- README.md: this file.
- data: download here
- preprocess.py: create data in pytorch format
- utils.py: include TestbedDataset used by create_data.py to create data, performance measures and functions to draw loss, pearson by epoch.
- models/gat_gcn_transformer_meth_ge_mut.py, gat_gcn_transformer_ge_mut.py, gat_gcn_transformer_meth_mut.py, gat_gcn_transformer_meth_ge.py, gat_gcn_transformer_ge_only.py, gat_gcn_transformer.py, gat_gcn_transformer_meth_only.py,: proposed models receiving graphs as input for drugs.
- training.py: train a GraTransDRP model.
- saliancy_map.py: run this to get saliency value.

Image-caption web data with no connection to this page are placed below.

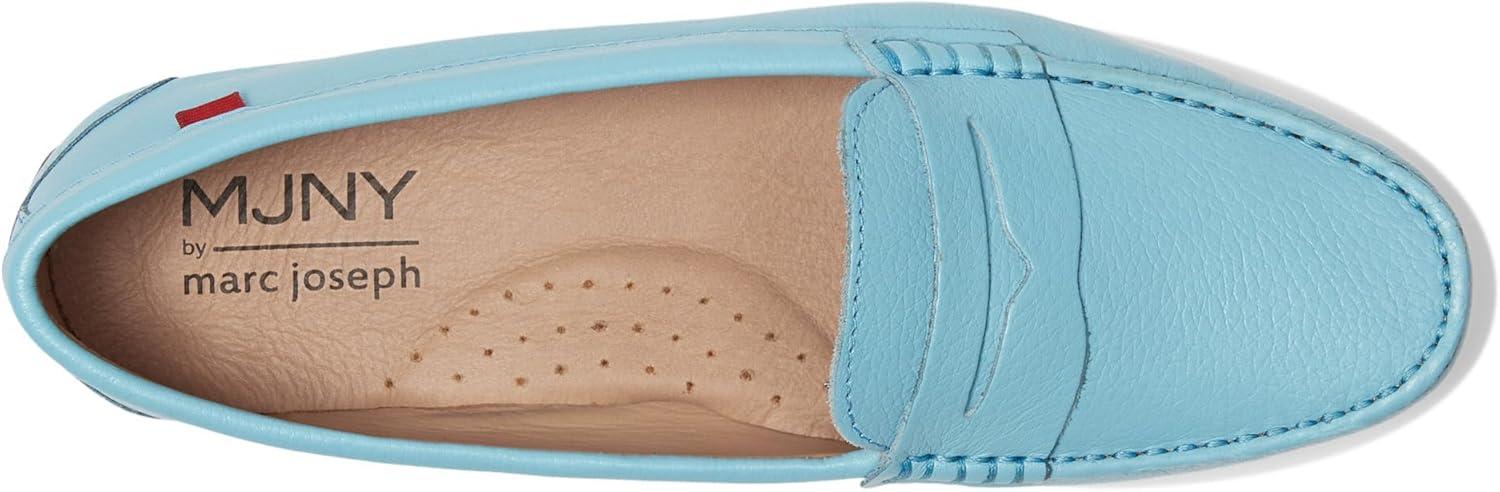 image:imageMJNY Womens Casual Comfortable Genuine Leather Lightweight Driving Moccasins Classic Fashion Penny Slip On Ladies Driving Loafer Flat ShoesSky Grainy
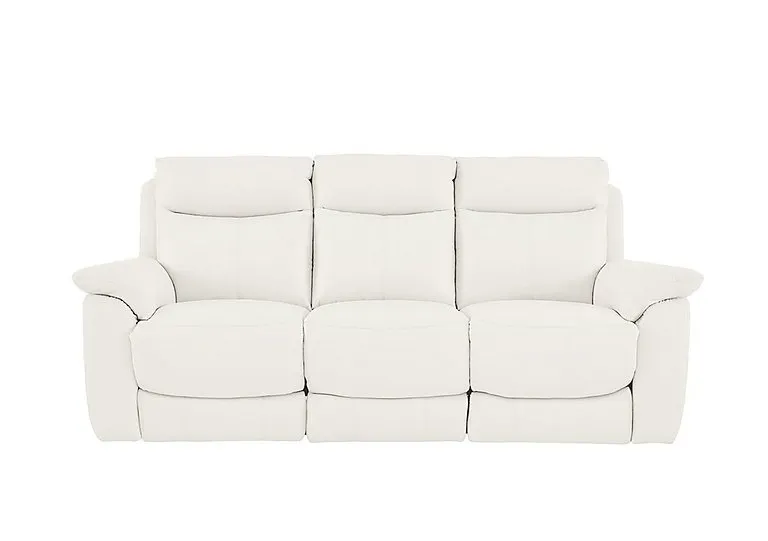 Echo Leather 3 Seater Power Recliner Sofa - BV Star White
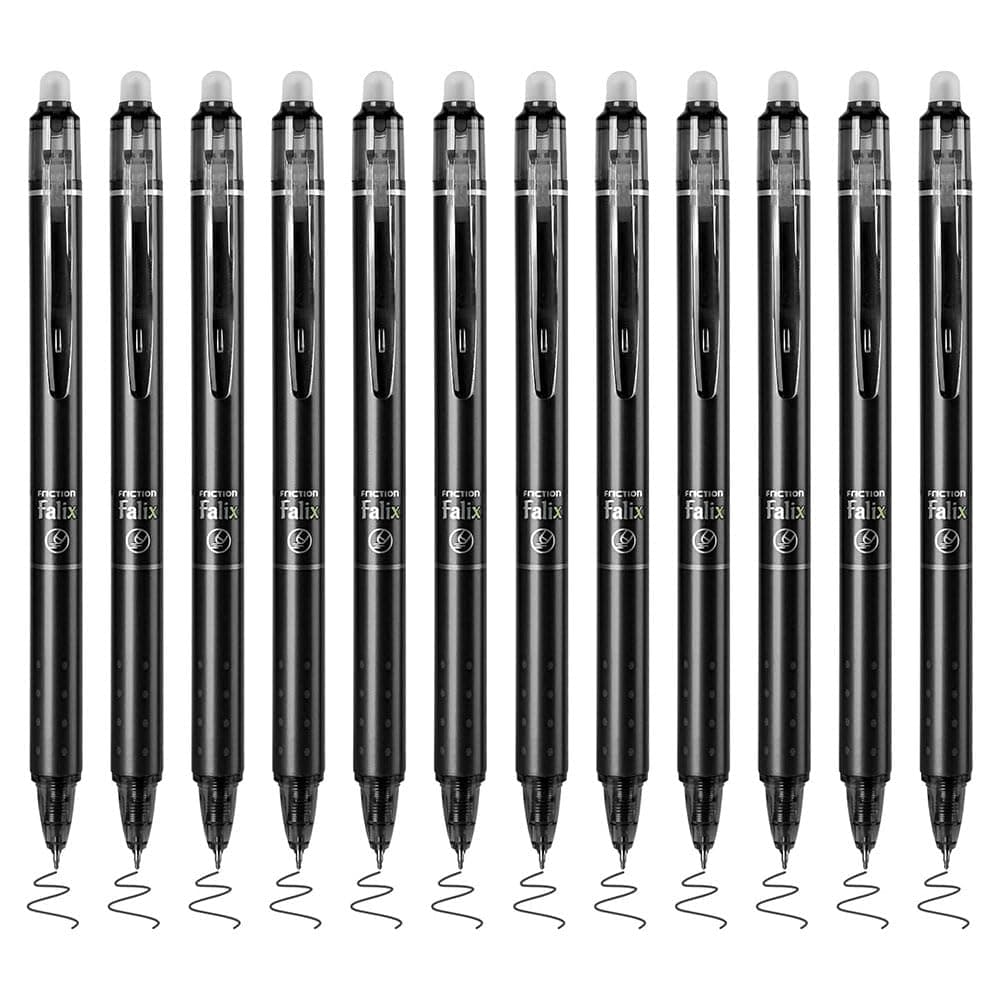 Retractable Erasable Gel Pens, Fine Point 0.5 mm Blue Ink with Eraser Clean, Quick Dry Smooth Write for School Office Supplies Note Taking Planners,Classic Black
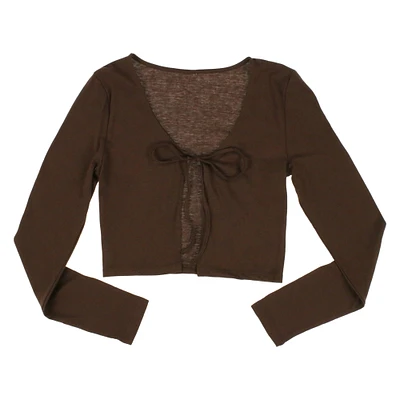 brown long sleeve tie-front top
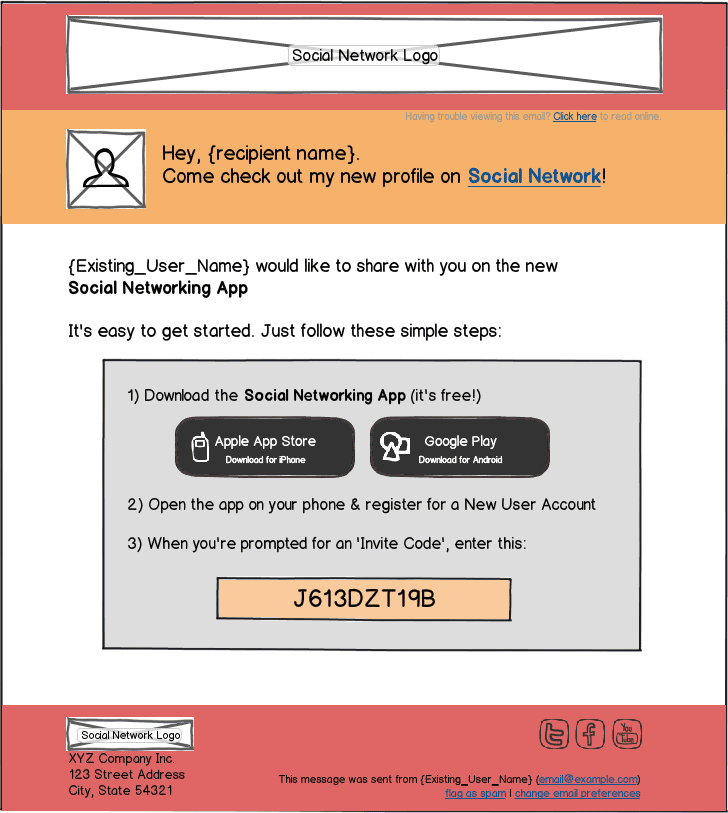 Email Template Wireframe Example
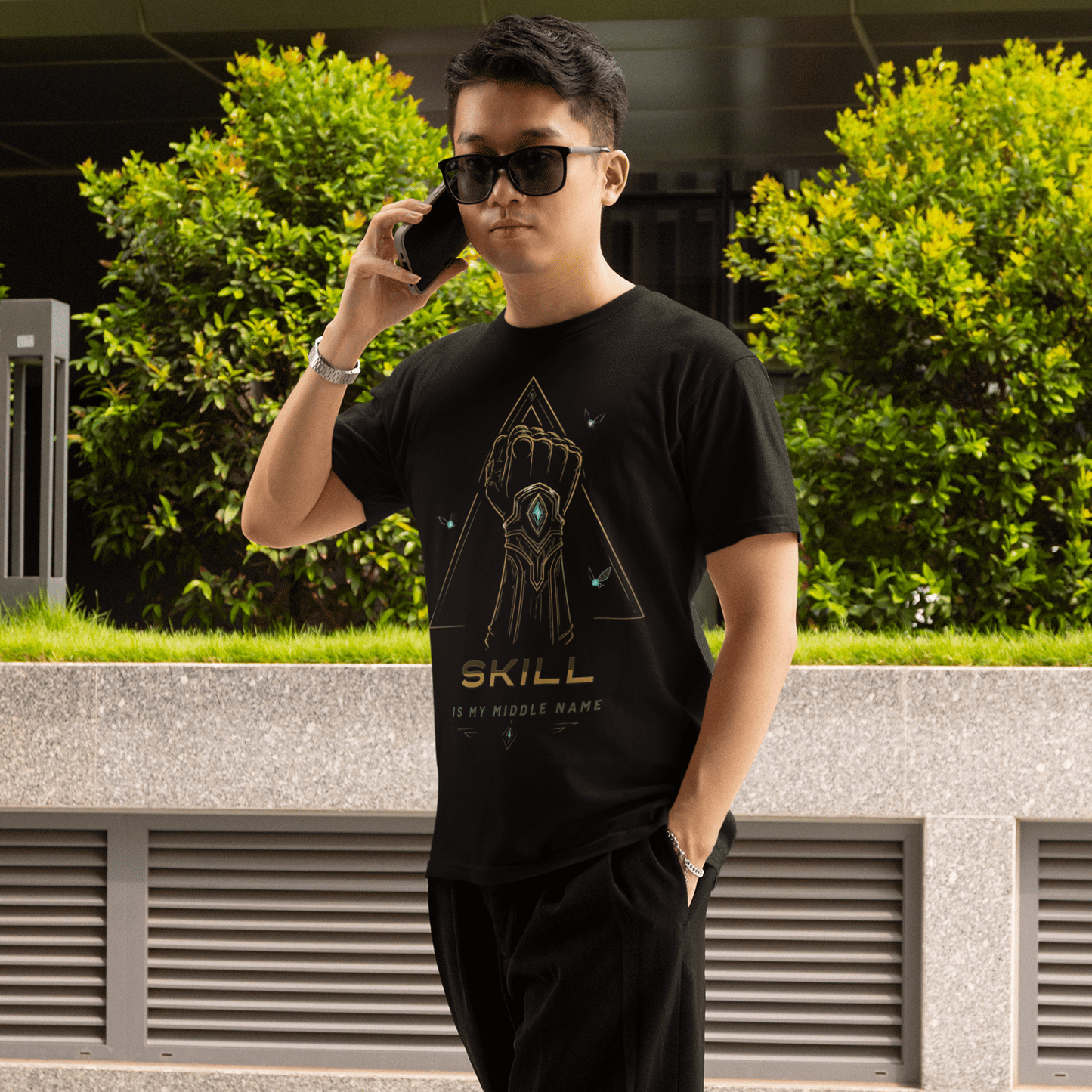Full body view of Skill Is My Middle Name Gamer T-Shirt with Fantasy Power Art worn with sunglasses and a tote bag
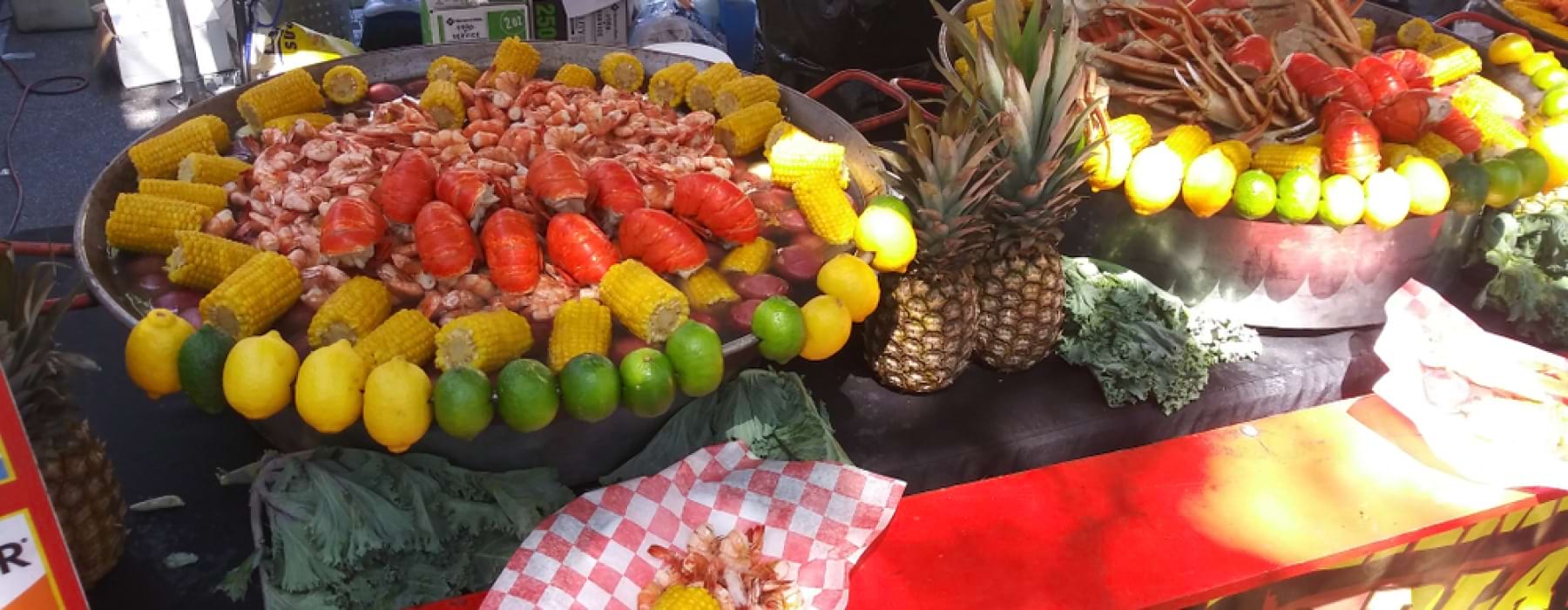 Seafood including lobster served on big platters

python preprocess.py --choice 0
choice: 0: KernelPCA 1: PCA 2: Isomap
This returns file pytorch format (.pt) stored at data/processed including training, validation, test set.
python training.py --model 0 --train_batch 1024 --val_batch 1024 --test_batch 1024 --lr 0.0001 --num_epoch 300 --log_interval 20 --cuda_name "cuda:0"
model: 0: ge_mut_meth 1: ge_mut 2: meth_mut 3: meth_ge 4: ge 5: mut 6: meth
To train a model using training data. The model is chosen if it gains the best MSE for testing data.
This returns the model and result files for the modelling achieving the best MSE for testing data throughout the training.